_Required work_: Starting at the line that contains "29 Photos Of", write out every line to the end of the records below exactly, and leave out the pictures.

_Data under study_:
== Segment start ==

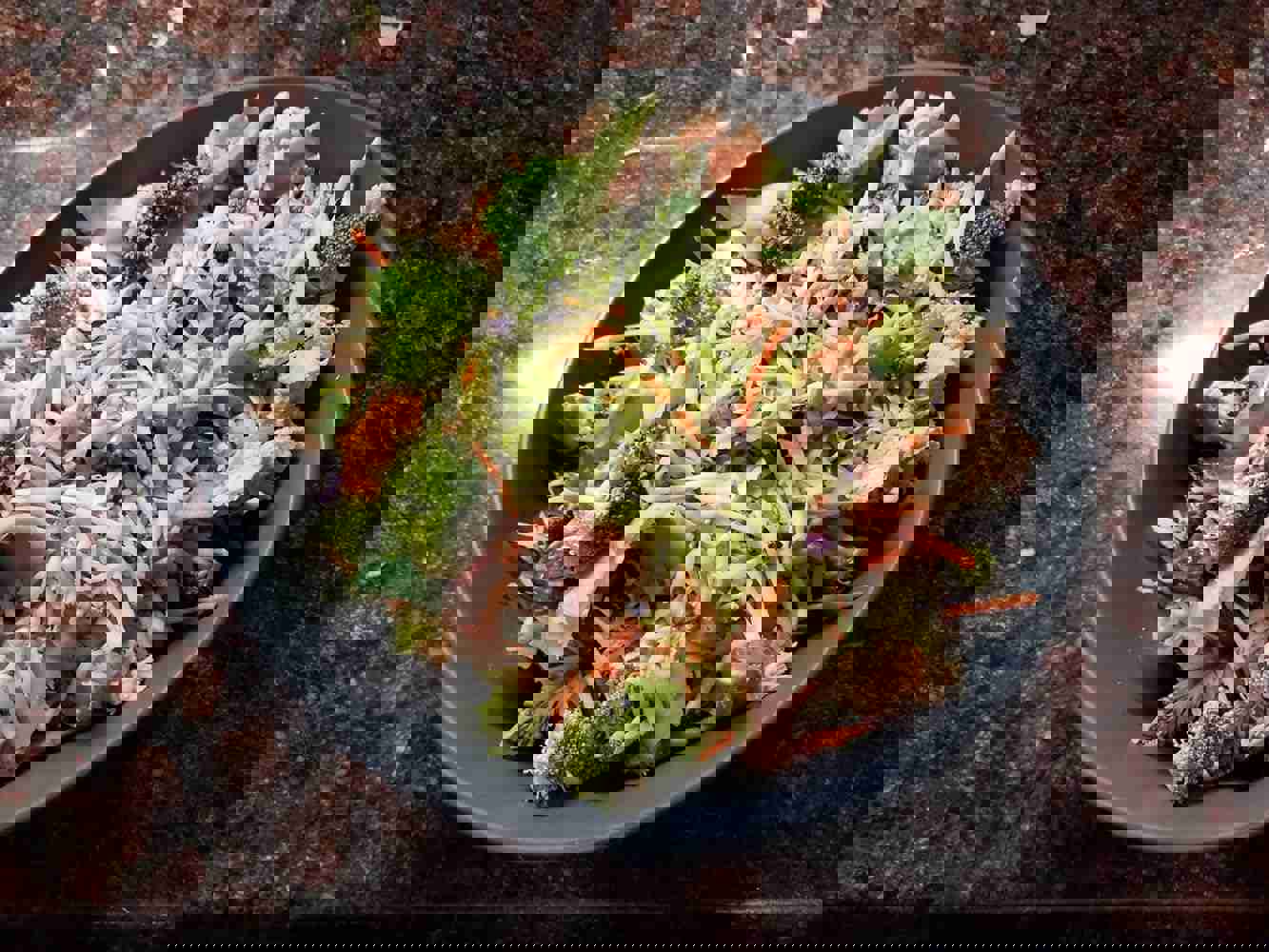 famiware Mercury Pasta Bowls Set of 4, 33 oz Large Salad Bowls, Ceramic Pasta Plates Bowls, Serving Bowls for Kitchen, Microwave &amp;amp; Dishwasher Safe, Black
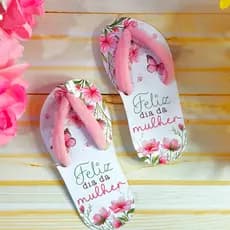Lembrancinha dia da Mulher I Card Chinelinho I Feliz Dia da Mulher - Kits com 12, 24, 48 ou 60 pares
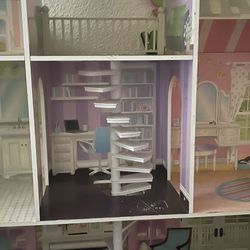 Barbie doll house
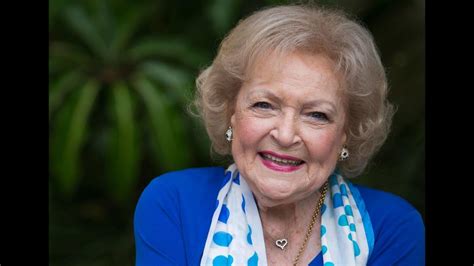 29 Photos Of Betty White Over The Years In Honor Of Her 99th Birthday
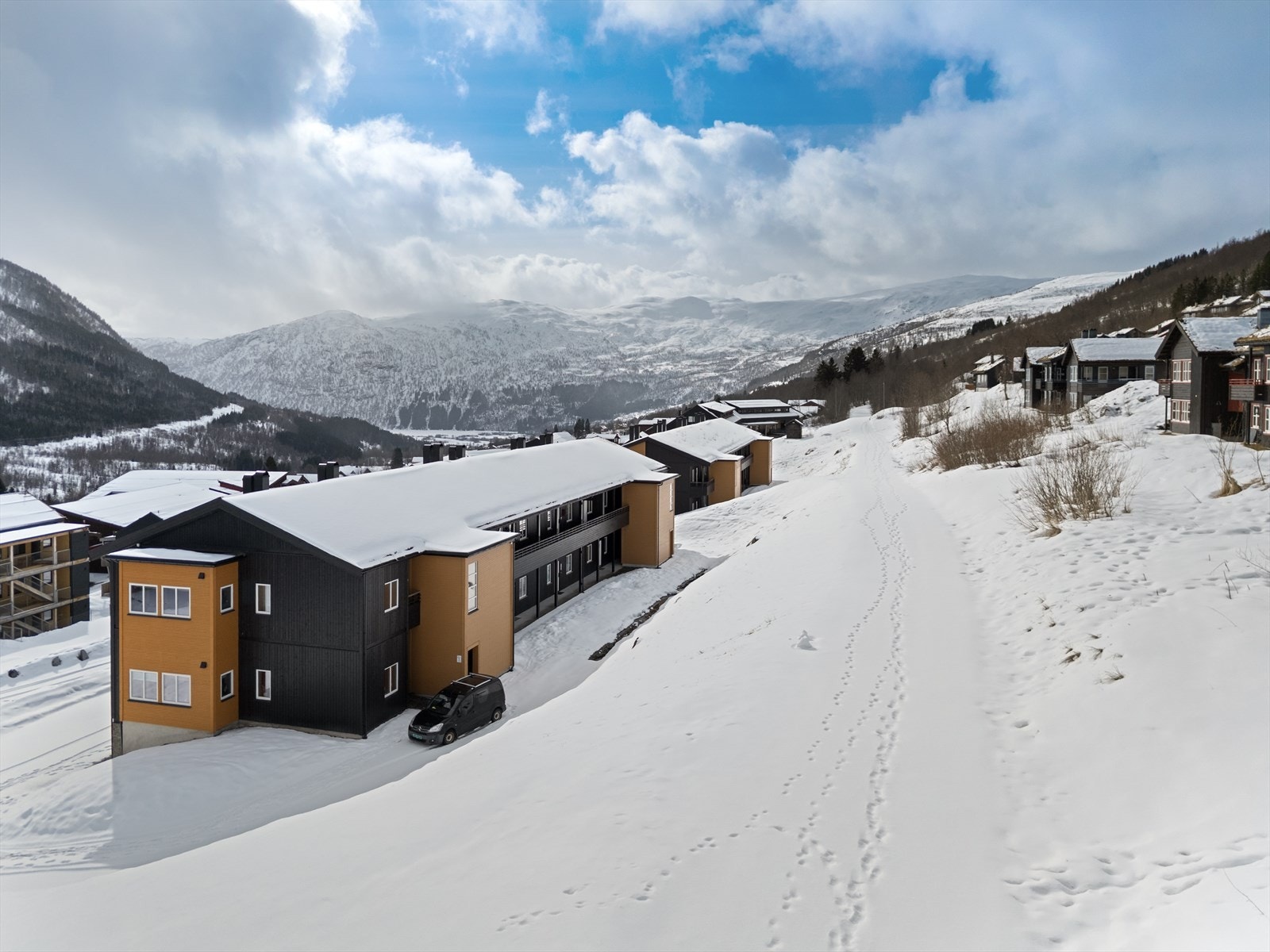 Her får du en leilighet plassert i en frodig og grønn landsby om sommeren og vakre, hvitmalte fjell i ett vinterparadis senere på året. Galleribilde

== Segment end ==

_Output_:
 29 Photos Of Betty White Over The Years In Honor Of Her 99th Birthday
 Her får du en leilighet plassert i en frodig og grønn landsby om sommeren og vakre, hvitmalte fjell i ett vinterparadis senere på året. Galleribilde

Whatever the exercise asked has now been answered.